There’s no word from law enforcement or the news media whether the Turkish passenger who tried to force his way into the cockpit of an American Airlines flight from Los Angeles to Honolulu, Hawaii is in the United States legally.
Whatever his immigration status, he must be deported after serving his sentence because of the threat to public safety. Once back in Turkey, he must also be blocked from traveling to Europe, Australia, or New Zealand.
The US military on Friday scrambled two Air Force fighter jets to escort an American Airlines flight into Honolulu International Airport after a disturbance involving a Turkish passenger aboard the plane was reported, officials said.
The nature of the fracas was not immediately disclosed by the FBI, the military or American Airlines, but local news media reported that a passenger had tried to force his way into the cockpit of the Honolulu-bound Flight 31 from Los Angeles.
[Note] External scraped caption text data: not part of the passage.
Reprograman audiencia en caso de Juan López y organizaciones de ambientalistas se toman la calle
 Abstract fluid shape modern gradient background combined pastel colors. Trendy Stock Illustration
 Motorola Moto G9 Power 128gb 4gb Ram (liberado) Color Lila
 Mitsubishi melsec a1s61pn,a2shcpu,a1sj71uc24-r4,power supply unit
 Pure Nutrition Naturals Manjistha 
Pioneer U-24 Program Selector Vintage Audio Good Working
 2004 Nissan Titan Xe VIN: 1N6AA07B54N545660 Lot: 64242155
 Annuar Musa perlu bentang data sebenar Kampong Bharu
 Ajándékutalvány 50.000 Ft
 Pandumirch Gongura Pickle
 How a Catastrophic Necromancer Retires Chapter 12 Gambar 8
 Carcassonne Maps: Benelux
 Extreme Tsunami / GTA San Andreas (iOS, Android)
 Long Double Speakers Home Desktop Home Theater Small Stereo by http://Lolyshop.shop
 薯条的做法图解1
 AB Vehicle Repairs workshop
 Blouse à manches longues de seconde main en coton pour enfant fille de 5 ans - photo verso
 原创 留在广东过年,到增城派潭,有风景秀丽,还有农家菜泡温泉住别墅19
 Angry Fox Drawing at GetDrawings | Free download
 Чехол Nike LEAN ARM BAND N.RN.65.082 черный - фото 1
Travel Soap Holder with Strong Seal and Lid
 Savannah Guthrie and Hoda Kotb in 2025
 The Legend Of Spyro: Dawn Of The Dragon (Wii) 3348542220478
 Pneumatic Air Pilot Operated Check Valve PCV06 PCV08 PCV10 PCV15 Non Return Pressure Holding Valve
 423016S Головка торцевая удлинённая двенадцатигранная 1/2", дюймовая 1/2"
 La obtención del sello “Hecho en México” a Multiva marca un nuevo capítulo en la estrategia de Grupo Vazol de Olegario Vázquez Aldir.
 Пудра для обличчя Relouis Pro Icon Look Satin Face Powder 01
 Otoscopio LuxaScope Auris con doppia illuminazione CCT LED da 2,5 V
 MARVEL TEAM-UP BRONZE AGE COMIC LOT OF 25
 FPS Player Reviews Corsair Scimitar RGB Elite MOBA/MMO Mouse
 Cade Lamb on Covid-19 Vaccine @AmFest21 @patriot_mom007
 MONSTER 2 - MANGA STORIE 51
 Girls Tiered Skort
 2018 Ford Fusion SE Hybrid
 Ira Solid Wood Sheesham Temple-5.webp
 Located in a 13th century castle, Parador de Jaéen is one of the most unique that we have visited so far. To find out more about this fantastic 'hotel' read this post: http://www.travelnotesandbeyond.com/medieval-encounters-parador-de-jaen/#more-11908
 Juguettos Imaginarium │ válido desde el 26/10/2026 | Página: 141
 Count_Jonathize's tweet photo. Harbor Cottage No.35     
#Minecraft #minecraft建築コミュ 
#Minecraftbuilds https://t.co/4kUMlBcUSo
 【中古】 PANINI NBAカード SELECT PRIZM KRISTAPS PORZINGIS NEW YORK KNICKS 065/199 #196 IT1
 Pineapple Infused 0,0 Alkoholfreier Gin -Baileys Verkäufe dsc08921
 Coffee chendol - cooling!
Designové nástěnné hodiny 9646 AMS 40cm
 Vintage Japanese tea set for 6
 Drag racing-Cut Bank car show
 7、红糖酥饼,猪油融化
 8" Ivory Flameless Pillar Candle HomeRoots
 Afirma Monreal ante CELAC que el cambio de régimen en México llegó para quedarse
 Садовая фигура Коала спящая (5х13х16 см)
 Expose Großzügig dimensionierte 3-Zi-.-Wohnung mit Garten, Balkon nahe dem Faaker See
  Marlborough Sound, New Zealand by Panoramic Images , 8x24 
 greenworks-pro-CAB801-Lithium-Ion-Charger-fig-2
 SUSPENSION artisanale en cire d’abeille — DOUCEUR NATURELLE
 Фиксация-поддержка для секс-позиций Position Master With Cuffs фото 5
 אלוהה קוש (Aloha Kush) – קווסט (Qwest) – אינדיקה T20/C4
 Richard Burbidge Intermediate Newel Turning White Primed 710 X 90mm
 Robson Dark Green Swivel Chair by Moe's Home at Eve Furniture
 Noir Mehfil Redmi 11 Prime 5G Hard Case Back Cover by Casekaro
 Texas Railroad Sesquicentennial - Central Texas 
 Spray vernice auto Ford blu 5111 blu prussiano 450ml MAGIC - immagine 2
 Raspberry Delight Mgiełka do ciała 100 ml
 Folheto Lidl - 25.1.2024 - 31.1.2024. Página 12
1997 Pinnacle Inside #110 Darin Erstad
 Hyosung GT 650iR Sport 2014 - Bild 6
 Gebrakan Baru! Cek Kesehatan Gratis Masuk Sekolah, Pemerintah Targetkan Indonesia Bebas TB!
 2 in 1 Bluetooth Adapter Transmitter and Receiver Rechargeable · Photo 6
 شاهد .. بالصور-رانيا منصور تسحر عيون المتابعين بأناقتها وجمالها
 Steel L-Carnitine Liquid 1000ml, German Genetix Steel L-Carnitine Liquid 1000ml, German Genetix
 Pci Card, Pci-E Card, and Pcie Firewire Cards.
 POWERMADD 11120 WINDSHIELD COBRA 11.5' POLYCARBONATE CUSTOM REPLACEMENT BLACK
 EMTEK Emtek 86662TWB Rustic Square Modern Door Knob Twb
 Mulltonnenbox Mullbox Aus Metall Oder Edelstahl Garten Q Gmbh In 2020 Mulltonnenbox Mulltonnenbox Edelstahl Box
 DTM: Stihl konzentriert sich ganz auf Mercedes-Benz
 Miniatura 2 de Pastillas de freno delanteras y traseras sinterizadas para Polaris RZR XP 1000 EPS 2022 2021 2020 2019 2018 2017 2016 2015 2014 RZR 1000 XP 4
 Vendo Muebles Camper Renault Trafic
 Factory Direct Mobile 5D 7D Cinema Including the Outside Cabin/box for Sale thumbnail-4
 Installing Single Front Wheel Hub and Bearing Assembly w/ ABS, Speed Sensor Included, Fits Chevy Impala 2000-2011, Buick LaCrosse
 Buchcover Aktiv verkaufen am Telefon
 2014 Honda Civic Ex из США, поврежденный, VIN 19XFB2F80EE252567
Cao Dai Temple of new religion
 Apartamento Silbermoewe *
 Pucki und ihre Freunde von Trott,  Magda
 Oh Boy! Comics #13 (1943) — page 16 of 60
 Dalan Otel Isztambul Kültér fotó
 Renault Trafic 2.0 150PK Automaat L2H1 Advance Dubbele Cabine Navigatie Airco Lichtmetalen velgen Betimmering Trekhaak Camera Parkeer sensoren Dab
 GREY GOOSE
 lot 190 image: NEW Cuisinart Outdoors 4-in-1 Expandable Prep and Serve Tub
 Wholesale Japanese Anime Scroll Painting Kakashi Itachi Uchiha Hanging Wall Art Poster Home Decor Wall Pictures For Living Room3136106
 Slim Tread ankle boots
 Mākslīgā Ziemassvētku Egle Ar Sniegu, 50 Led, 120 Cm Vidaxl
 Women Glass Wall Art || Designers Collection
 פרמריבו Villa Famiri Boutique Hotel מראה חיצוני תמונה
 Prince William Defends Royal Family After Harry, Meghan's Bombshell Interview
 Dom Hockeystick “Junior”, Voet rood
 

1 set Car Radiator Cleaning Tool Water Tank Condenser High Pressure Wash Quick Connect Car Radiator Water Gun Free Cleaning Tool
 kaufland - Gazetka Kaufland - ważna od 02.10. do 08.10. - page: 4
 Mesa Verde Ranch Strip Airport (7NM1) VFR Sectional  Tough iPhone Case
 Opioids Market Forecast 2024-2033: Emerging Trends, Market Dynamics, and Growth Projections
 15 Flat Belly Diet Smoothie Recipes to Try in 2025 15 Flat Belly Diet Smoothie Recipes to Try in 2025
The man was subdued by an off-duty law enforcement officer and others aboard the aircraft, and the flight landed safely at 11.35am Hawaii time, officials said. No injuries were reported.
A Federal Bureau of Investigation agent told reporters in Honolulu that the Turkish passenger had earlier been involved in security breach at Los Angeles international airport (LAX).
Federal authorities were preparing a criminal complaint to charge Anil Uskanil, 25, with interference with a flight crew, FBI special-agent-in charge Paul Delacourt said at a Honolulu airport news conference.
LAX airport police said separately that Uskanil had been detained, questioned and released hours earlier after he was caught by security there going through a terminal concourse door leading out to the airfield.
Los Angeles airport police spokesman Rob Pedregon said Uskanil was a ticketed American Airlines passenger with a boarding pass who had cleared security screening but claimed that he lost his way because he was tipsy from drinking.
As he did not appear to meet the criteria for public drunkenness, police let him go with a citation for misdemeanor trespassing. He was escorted to the street in front of the terminal when released, Pedregon said.
Because the LAX incident occurred at about 2.45am Pacific time, nearly three hours before the first flights of the day, he would have had ample time to get through security again and catch a plane to Hawaii as scheduled.
Pedregon said it is not unusual for LAX passengers to mistakenly go through an unauthorized exit door at the terminal.
American Airlines said its Honolulu-bound flight, an Airbus A321, was carrying 181 passengers and six crew members.
One passenger who spoke to HawaiiNewsNow said a first-class flight attendant deserved much of the credit for preventing the suspect from reaching the cockpit.
“I would just never want to go against her. She was tasked with keeping him out of there, and she did a great job,” Lee Lorenzen said.
The incident prompted Pacific Command to dispatch a pair of F-22 fighter jets to intercept the passenger plane.
“The F-22s escorted the airliner to the airport in accordance with homeland defense procedures. Local law enforcement responded once the civilian airliner was on the ground,” said Commander Dave Benham.